Once inside his front door, he said, “I’m sorry. I’m bein’ rude. I’ve just had a long day. Work stuff. I was just about to warm up some chicken and dumplin’s. How about you take over the stove while I take a shower? And then you can help me eat some of it?”

“You invite me to dinner, and I end up cooking? What sort of swindle is this?”

“You’re not cookin’, you’re warmin’ up,” he told me, eyeing the leather portfolio in my hand with some interest before turning that handsome grin on me.

“And I can’t use the microwave to do this?”

I was firmly antitechnology when it came to tea, but I didn’t see the point in dirtying up a bunch of dishes if I didn’t have to.

Jed unbuttoned his shirt and tossed it into a little laundry room off the kitchen. Oh, come on, now. I was starting to think he was doing this to provoke me. “Mrs. Reilly’s dumplin’s have been known to explode when nuked.”

I thought about the warmed-over chicken and rice casserole in my fridge and the prospects of trying to piece together a meal at this time of night. “Yes, if you explain to me what a dumplin’ is.”

He chuckled and dropped a heavy leather toolbelt near the front door. “You have your choice; you cook, or you eat dinner with someone smellin’ like he’s been diggin’ ditches all day.”

“Cooking sounds like the lesser of two evils,” I said, shuddering.

I placed the sketches in a drawer in my own kitchen, peeled my contacts out of my dust-plagued eyes, then locked my front door before rejoining Jed in his kitchen. He was setting out a large pot, French bread, and butter on the counter.

“Next week, I’ll invite you over to make me dinner,” I muttered, feigning indignation and trying hard to ignore the way he was stretching his massive arms over his head, making his shirttail ride up.

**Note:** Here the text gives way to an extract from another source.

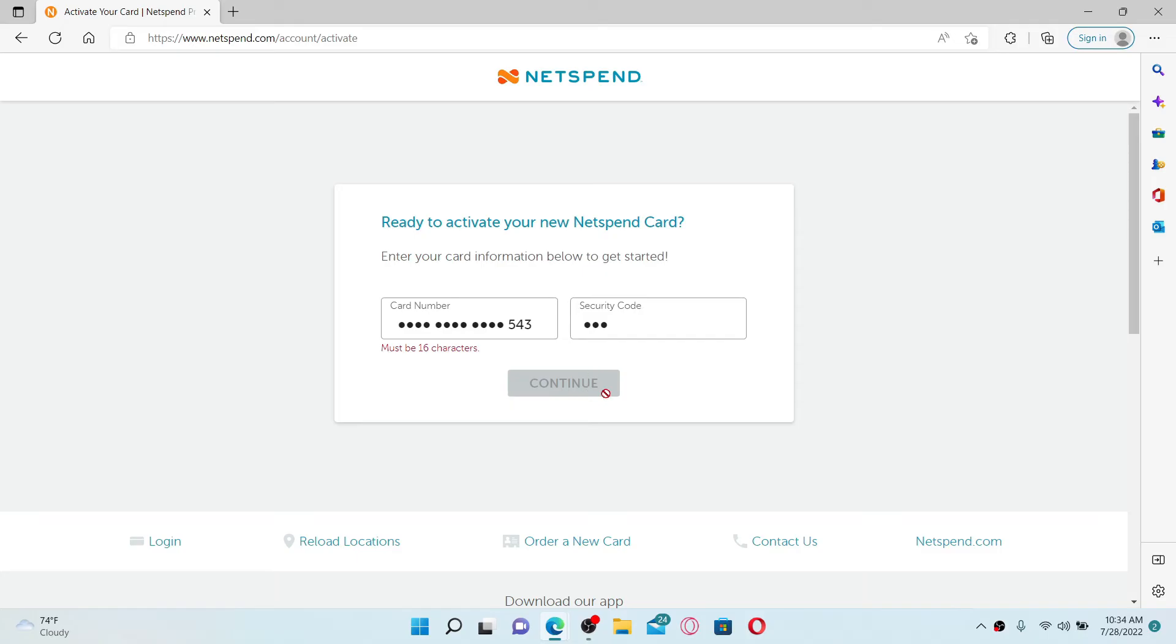It is not doing so in my case since I've entered some random numbers in the text boxes. If your credentials are correct, you'll be able to activate your new Netspend all access card online. Follow the instructions on the next page.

This just wasn’t fair.

“Well, it would be the polite thing to do,” he said, grinning at me while he kicked off his boots, and I was thankful that he at least left the jeans on. I opened the fridge, boggling at the sheer number of labeled Tupperware containers stacked inside. “Just keep stirrin’. You don’t want it to stick.”

“If you don’t want to discuss your harem of church-lady caterers, can we talk about your tendency to strip in front of me?” I called after him. I dumped the congealed dumplings into a pot as he jogged up the stairs.

“Don’t pretend you’re not lookin’!” he called back.

I rolled my eyes but stirred as instructed. The food smelled delicious, particularly after I warmed up the loaf of crusty bread in the oven. Standing at the stove gave me time to look around Jed’s side of the house, which was considerably more comfortable than my own. He’d painted the walls a light, creamy beige, making the rooms airy and bright. It was a vast improvement over the dark, cavelike spaces on my side. The polished living-room floor was covered with an extra-large blue rag rug. He’d added a few sturdy, no-nonsense pieces of furniture in each room, but there were few personal touches. No pictures, no knickknacks. Several large bookshelves flanked his windows. When I got closer, I could see that they were full of language guides. Moon Phases, A Chinese to English Dictionary, Hieroglyphics, Translating Gaelic, The Dummy’s Guide to Understanding Ancient Sanskrit. The rooms told me very little about Jed as a person, other than that he had good color sense and hated reading subtitles in foreign-language movies. Or he’d bought a bunch of coffee-table books at a garage sale.

By the time Jed trotted down the steps, smelling pleasantly of Dial soap, I had the table set and the dumplings dished. I was bending over the oven to retrieve the bread when I heard, “This is why men like to watch women cook. It has nothin’ to do with bein’ sexist. It’s the bendin’ and liftin’.”

“Which is also sexist.” I turned to offer a rude response, only to find him wearing another pair of arse-cupping jeans and a T-shirt that showcased his indecently large biceps. I was standing in the presence of living, breathing arm porn.